31st Aug2015

Frightfest 2015: ‘Emelie’ Review

by Mondo Squallido

Stars: Sarah Bolger, Joshua Rush, Carly Adams, Carl Bailey, Thomas Bair | Written by Richard Raymond Harry Herbeck | Directed by Michael Thelin


Whether it’s trashing the house, raiding the fridge or having guests over partaking in substances and acts that they shouldn’t really be doing, we have all heard those babysitter horror stories. Well, this particular story well and truly takes the cake. When their original babysitter can’t make it, the Thompson’s depend on her friend Anna (Sarah Bolger, The Lazarus Effect) to look after their children as they celebrate their anniversary. The thing is, Anna isn’t who she says she is. Her real name is Emilie and she’s going to give the Thompson’s and their children a night they will never forget. What starts off as innocent enough mischief turns in to a dark, cruel, emotionally and physically destroying series of events.

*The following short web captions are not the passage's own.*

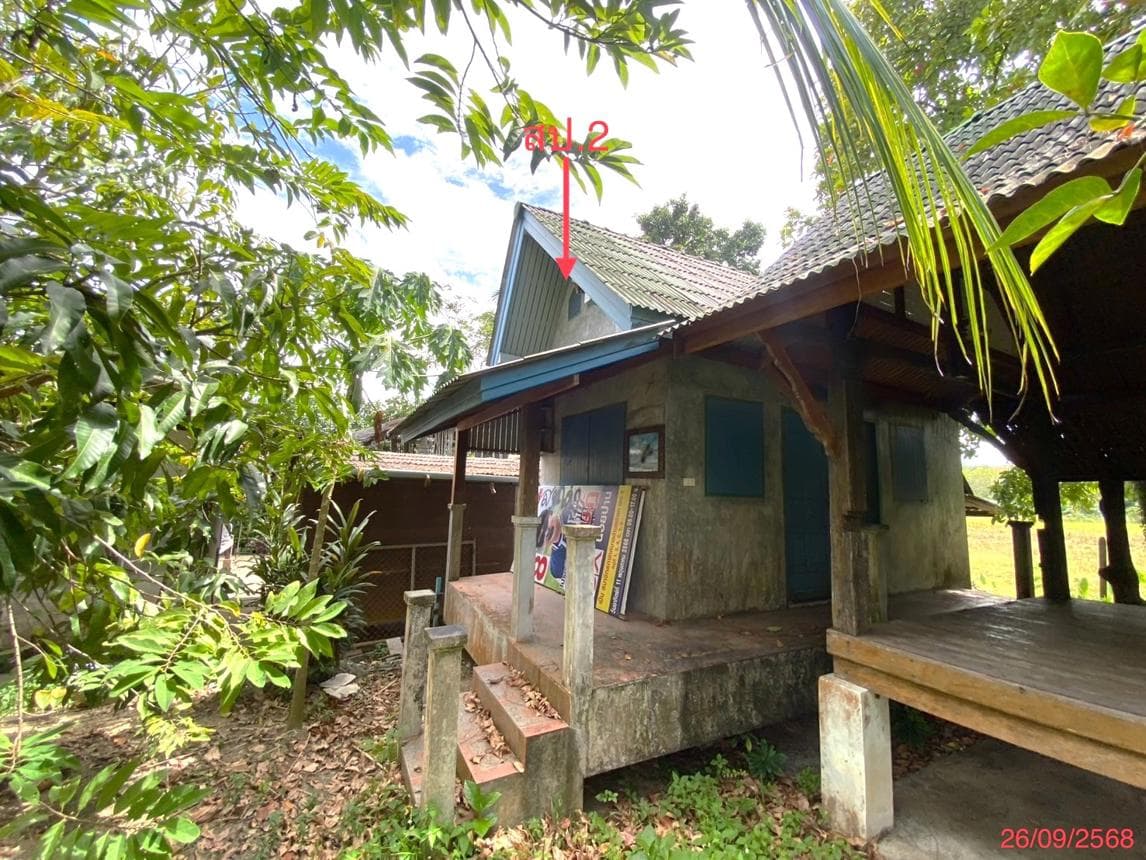 บ้านเดี่ยว ท่าแค เมืองพัทลุง พื้นที่ 93.1 ตร.ว. พื้นที่ใช้สอย 220 ตร.ม.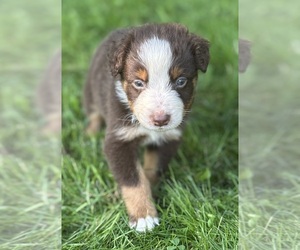 Australian Shepherd Puppy for sale in ROCK STREAM, NY, USA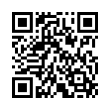 QR Code (код быстрого отклика)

For the most part, Emelie is a solid and disturbing piece of psychological horror. Sarah Bolger’s portrayal as the disturbed babysitter is a believable one, if not a tiny bit cliché at times. At her best she is cold and plays it subtle. At her worst (for lack of a better term) she overplays it. Thankfully, the good out-weighs the bad. Speaking of good, we have some very promising future stars within the films young cast. All children involved put in a fantastic performance and even though children in cinema can be flat out annoying at times, the pain and sadness in their eyes as well as their confusion as to why they’re being abused makes the audience genuinely sympathise and wish for the best. Joshua Rush (Mr. Peabody & Sherman) is the stand out performance as the oldest brother Jacob. He is resourceful and wants to do what he can to save his younger siblings. Seeing him in the many stand offs with Emilie makes us rally for him even more.

Storywise Emelie is simple enough, with a reveal and twist here and there that are both surprising and predictable. The real negative for me in terms of story is there could have been more with Emelie’s back story and her reasoning. Some could argue what we do get is enough, but I just feel there could have been more and it could have been revealed much more slowly throughout. Aside from a rather uninspired synth score (now that’s a trend I am beginning to hate), the film is aesthetically pleasing with some wonderful cinematography.

Overall, I enjoyed Emelie. It was a solid effort all round, but it didn’t really do anything we haven’t seen before. That in itself is not a bad thing, because there is genuine tension throughout and for a feature length debut, Michael Thelin (Re: Vision) should be very proud of what he has created. This is a film that I am sure will create a buzz upon full release.